> [EXERCISE] In the entries below, begin at the line with "I don't really" and stop after the line with "Want to know"; output those lines exactly and omit the pictures.

> [INPUT]
=== Section Start ===

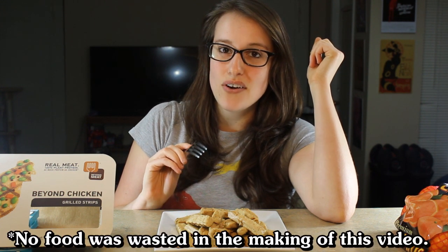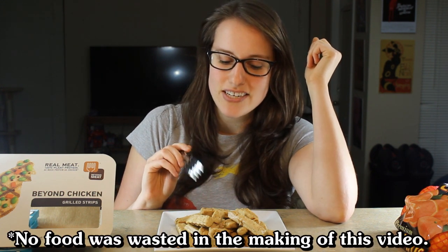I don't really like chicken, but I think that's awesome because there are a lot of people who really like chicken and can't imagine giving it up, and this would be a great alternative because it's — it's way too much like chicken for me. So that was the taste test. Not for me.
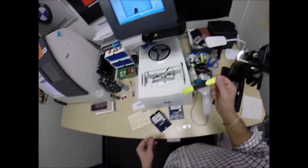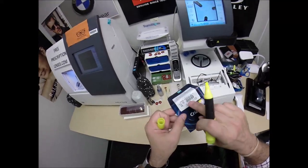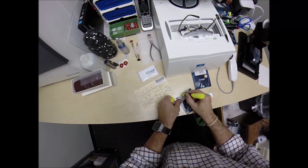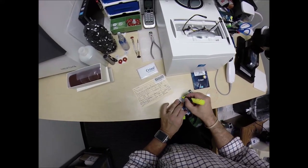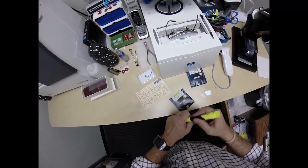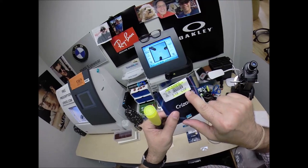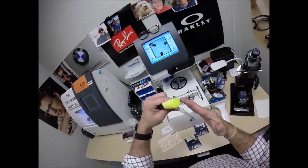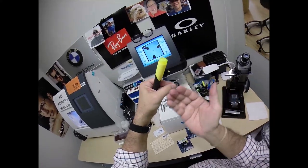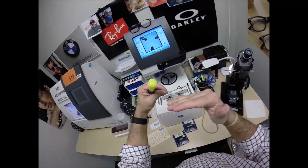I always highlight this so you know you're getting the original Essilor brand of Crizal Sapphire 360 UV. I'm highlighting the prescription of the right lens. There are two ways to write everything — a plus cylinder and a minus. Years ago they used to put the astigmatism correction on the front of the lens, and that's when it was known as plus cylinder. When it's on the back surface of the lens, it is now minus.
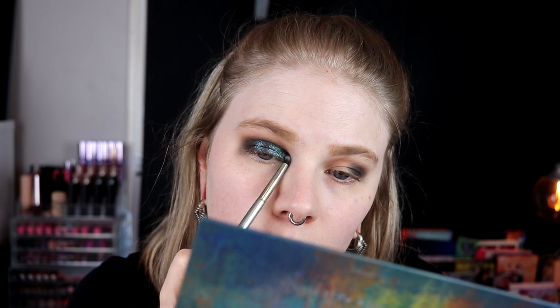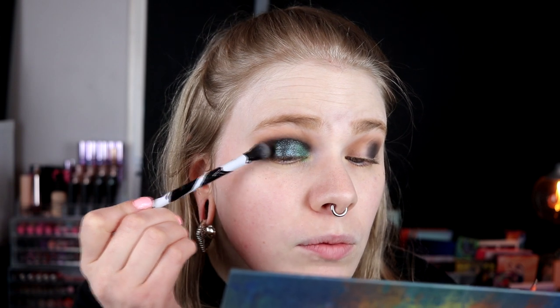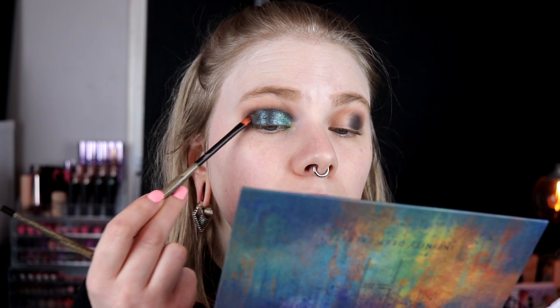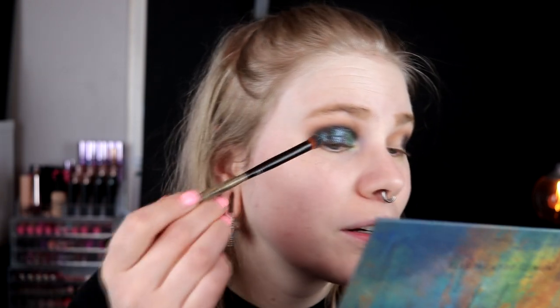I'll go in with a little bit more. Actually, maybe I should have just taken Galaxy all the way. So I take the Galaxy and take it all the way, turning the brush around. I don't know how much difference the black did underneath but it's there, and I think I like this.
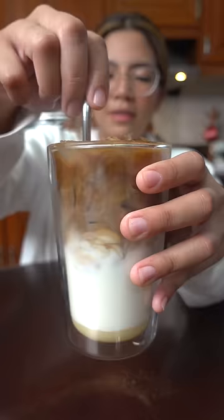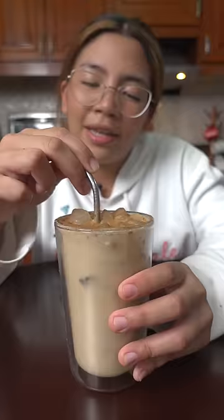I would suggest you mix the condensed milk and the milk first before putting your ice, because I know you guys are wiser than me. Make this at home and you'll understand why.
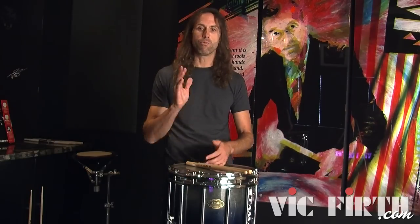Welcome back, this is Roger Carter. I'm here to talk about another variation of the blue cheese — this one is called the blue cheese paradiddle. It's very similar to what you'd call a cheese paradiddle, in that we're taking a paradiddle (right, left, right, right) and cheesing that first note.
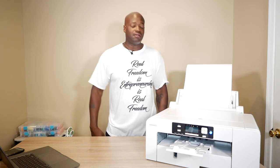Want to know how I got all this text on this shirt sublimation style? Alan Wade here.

=== Section End ===
=== Section Start ===

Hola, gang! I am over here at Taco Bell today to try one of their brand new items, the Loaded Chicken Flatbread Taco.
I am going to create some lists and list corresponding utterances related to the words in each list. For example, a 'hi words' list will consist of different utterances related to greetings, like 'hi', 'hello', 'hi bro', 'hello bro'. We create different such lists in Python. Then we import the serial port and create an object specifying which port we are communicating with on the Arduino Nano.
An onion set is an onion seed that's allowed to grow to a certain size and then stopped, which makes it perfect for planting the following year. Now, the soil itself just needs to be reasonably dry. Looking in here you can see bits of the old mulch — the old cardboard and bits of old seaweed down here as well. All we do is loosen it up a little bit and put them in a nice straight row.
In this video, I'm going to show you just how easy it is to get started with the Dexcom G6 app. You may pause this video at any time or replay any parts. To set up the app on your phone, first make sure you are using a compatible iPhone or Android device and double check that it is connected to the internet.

=== Section End ===

> [EXERCISE RESULT]
I don't really like chicken, but I think that's awesome because there are a lot of people who really like chicken and can't imagine giving it up, and this would be a great alternative because it's — it's way too much like chicken for me. So that was the taste test. Not for me.
I always highlight this so you know you're getting the original Essilor brand of Crizal Sapphire 360 UV. I'm highlighting the prescription of the right lens. There are two ways to write everything — a plus cylinder and a minus. Years ago they used to put the astigmatism correction on the front of the lens, and that's when it was known as plus cylinder. When it's on the back surface of the lens, it is now minus.
I'll go in with a little bit more. Actually, maybe I should have just taken Galaxy all the way. So I take the Galaxy and take it all the way, turning the brush around. I don't know how much difference the black did underneath but it's there, and I think I like this.
I would suggest you mix the condensed milk and the milk first before putting your ice, because I know you guys are wiser than me. Make this at home and you'll understand why.
Welcome back, this is Roger Carter. I'm here to talk about another variation of the blue cheese — this one is called the blue cheese paradiddle. It's very similar to what you'd call a cheese paradiddle, in that we're taking a paradiddle (right, left, right, right) and cheesing that first note.
Want to know how I got all this text on this shirt sublimation style? Alan Wade here.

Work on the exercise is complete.